Exercise: Would you retype, word for word, the line with "Map of Alum" and each line after it to the end of the entries below, leaving the pictures out?

Exercise inputs:
————
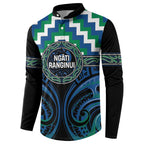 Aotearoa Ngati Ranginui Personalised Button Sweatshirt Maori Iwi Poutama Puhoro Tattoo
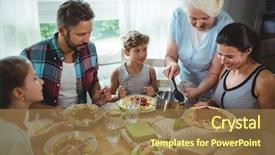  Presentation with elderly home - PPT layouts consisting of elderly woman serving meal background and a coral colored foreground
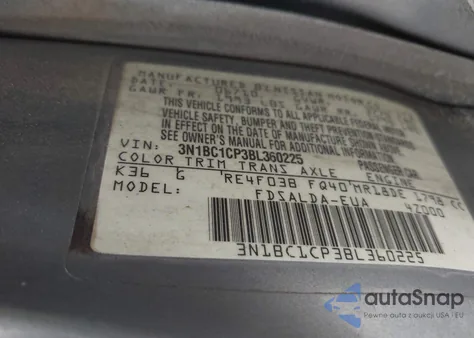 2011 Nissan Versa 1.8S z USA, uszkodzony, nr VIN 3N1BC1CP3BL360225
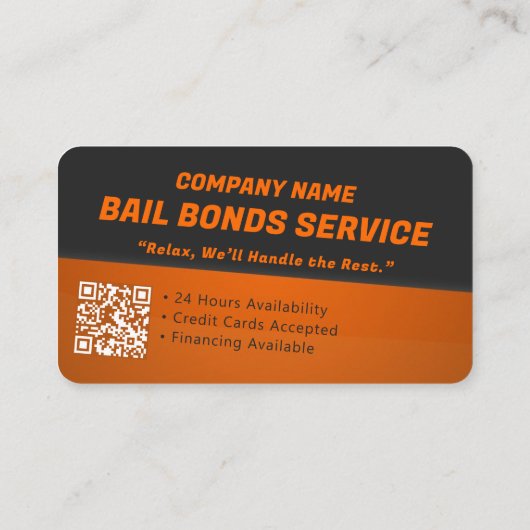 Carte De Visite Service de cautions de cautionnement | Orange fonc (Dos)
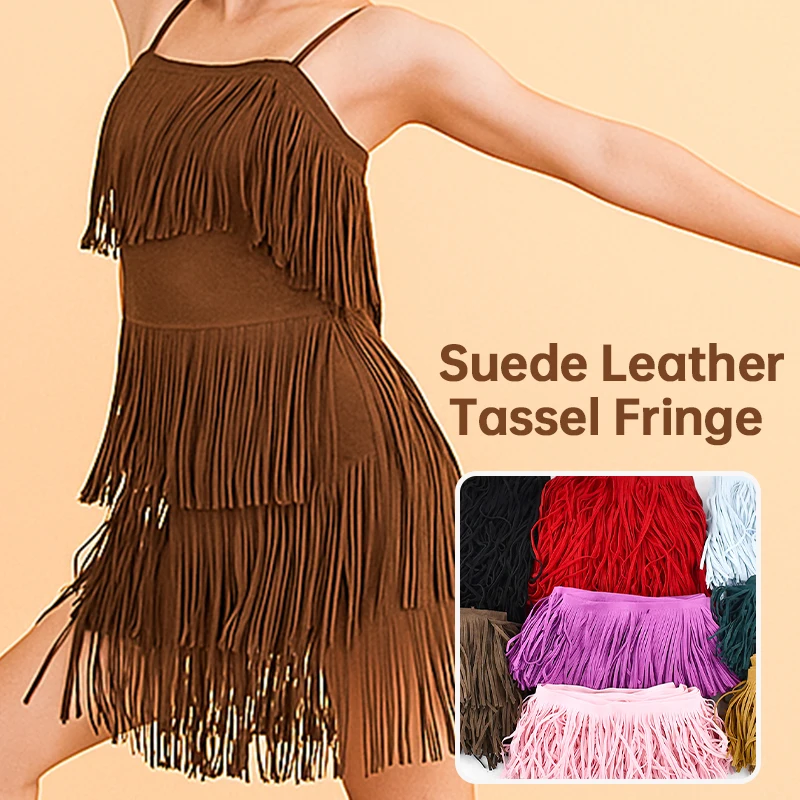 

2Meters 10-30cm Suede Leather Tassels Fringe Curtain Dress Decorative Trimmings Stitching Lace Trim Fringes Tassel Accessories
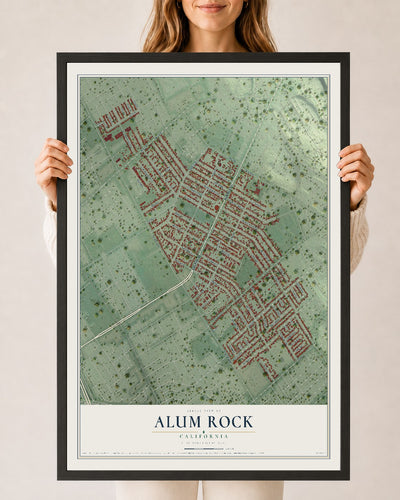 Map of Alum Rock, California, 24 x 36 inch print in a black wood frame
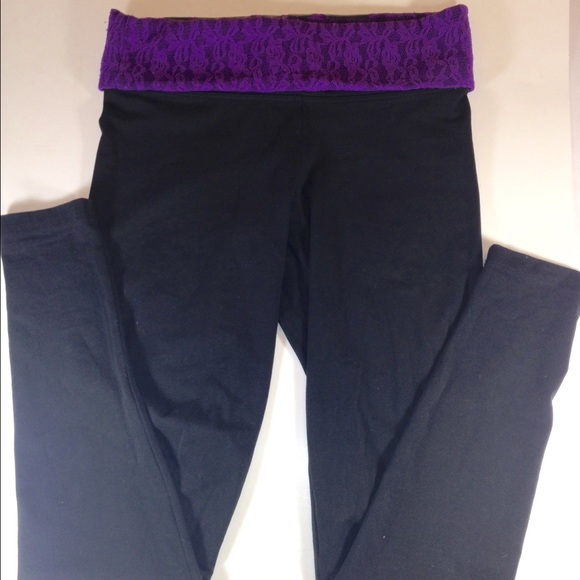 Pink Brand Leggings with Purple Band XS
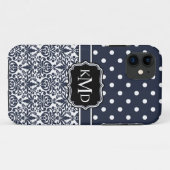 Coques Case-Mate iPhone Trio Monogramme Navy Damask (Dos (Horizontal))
————
Exercise solution:
 Map of Alum Rock, California, 24 x 36 inch print in a black wood frame
 Pink Brand Leggings with Purple Band XS
 Coques Case-Mate iPhone Trio Monogramme Navy Damask (Dos (Horizontal))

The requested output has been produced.